Un bilan surdimensionné
Gary Cohn a le profil idéal pour la banque d’affaires la plus puissante du monde. Petit-fils d’immigrants juifs venus d’Europe de l’Est, il a dû travailler dur pour faire carrière, d’autant qu’il souffre de dyslexie. On dit que c’est son bagout qui lui a permis de décrocher une place sur le parquet de la Bourse, alors qu’il n’y connaissait rien au négoce des options. Passé chez Goldman, il y a gravi tous les échelons l’un après l’autre. Pour la fonction suprême à la Fed, par contre, le profil de Gary Cohn est nettement moins adéquat. Pour la première fois en 40 ans, les rênes de l’économie américaine ne seraient pas tenues par un économiste.
La décision de les confier à Gary Cohn revient à Donald Trump. Pendant sa campagne électorale, le candidat républicain avait accusé Janet Yellen de favoriser les démocrates avec sa politique de faibles taux. Mais une fois investi, il a loué la qualité de son travail. Qui que soit le futur président de la Fed, il (ou elle) n’aura pas la tâche facile. La banque centrale devra trouver une manière de dégonfler son bilan qui, après des années de politique de stimulation, atteint des proportions gigantesques.
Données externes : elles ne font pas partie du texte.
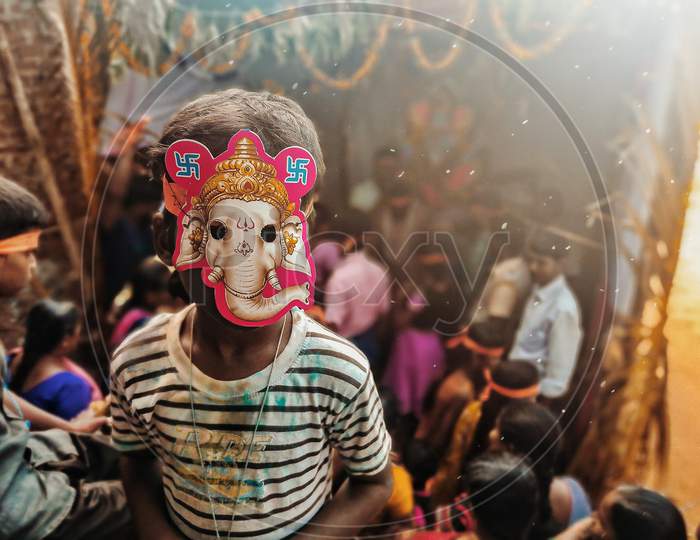 Children wearing lord Ganesha Mask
De plus, l’économie est en expansion depuis huit ans. La probabilité existe donc que la Fed doive relever les taux rapidement en cas de risque de surchauffe, ce qui pourrait semer la panique sur les marchés.
La semaine dernière, Goldman Sachs a publié des résultats trimestriels décevants dus surtout à la faiblesse des revenus commerciaux réalisés sur des marchés peu actifs. Gary Cohn, dont on connaît la fibre philanthropique, pourrait donc faire un beau cadeau à ses anciens collègues en provoquant des remous sur les marchés. Peut-être qu’après sa présidence à la Fed, la porte s’ouvrira alors également dans l’autre sens.